USU chemists shed new light on global energy, food supply challenge
LOGAN, UTAH, USA – All living things require nitrogen for survival, but the world depends on only two known processes to break nitrogen's ultra-strong bonds to allow conversion to a form humans, animals and plants can consume. One is a natural, bacterial process on which farmers have relied since the dawn of agriculture. The other is the century-old Haber-Bösch process, which revolutionized fertilizer production and spurred unprecedented growth of the global food supply.
"We live in a sea of nitrogen, yet our bodies can't access it from the air," says Utah State University biochemist Lance Seefeldt. "Instead, we get this life-sustaining compound from protein in our food."
But now, Seefeldt and colleagues announce a light-driven process that could, once again, revolutionize agriculture, while reducing the world food supply's dependence on fossil fuels and relieving Haber-Bösch's heavy carbon footprint. The research team, which includes USU's Seefeldt, Derek Harris, Andrew Rasmussen and Nimesh Khadka; Katherine A. Brown and Paul W. King of Colorado's National Renewable Energy Laboratory; Molly Wilker, Hayden Hamby and Gordana Dukovic of the University of Colorado and Stephen Keable and John Peters of Montana State University, publishes findings in the April 22, 2016 issue of the journal Science.

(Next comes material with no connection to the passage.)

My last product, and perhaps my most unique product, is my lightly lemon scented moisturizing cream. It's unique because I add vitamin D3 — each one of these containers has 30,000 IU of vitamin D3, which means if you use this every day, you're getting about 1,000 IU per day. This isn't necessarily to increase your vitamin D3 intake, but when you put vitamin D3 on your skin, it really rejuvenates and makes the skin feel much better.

The research at USU was supported by the U.S. Department of Energy.
"Our research demonstrates photochemical energy can replace adenosine triphosphate, which is typically used to convert dinitrogen, the form of nitrogen found in the air, to ammonia, a main ingredient of commercially produced fertilizers," says Seefeldt, professor in USU's Department of Chemistry and Biochemistry and an American Association for the Advancement of Science Fellow.
Any way you slice it, he says, nitrogen fixation is an energy-intensive process.

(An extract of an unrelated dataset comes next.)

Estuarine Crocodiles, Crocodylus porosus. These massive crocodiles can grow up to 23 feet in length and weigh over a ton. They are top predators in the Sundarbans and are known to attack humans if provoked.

"The Haber-Bösch process currently consumes about two percent of the world's fossil fuel supply," Seefeldt says. "So, the new process, which uses nanomaterials to capture light energy, could be a game-changer."

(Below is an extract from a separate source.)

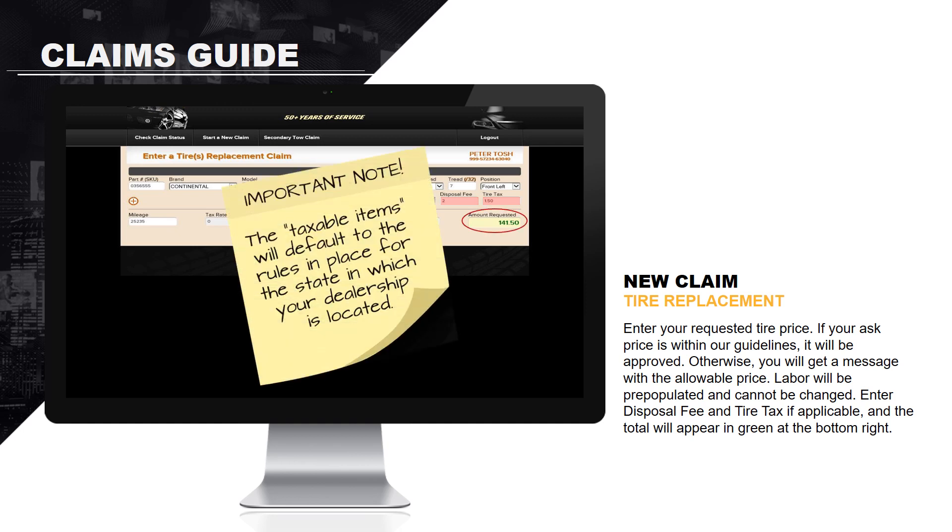Important note regarding sales tax: the taxable items will be defaulted to the rules in place for the state in which the dealership is located. In this example, the claim was in Florida and no sales tax is payable. If for any reason you do not believe the sales tax calculation is correct, finish the online claim process and then call our claim center at 888-684-9327 for further assistance. For fastest service, please have your claim number ready when you call.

"Using light directly to create a catalyst is much more energy efficient, says Brown, NREL research scientist. "This new ammonia-producing process is the first example of how light energy can be directly coupled to dinitrogen reduction, meaning sunlight or artificial light can power the reaction."
Energy-efficient production of ammonia holds promise not only for food production, but also for development of technologies that enable use of environmentally cleaner alternative fuels, including improved fuel cells to store solar energy.
In addition to its practical applications, the research sheds light on fundamental aspects of how bacterial enzymes known as nitrogenases function; an area of chemistry Seefeldt has studied for nearly two decades.
"Our current findings are the result of interdisciplinary collaboration," he says. "Each institution brought unique expertise to the project. We couldn't have succeeded without each partner's contributions to the collaboration."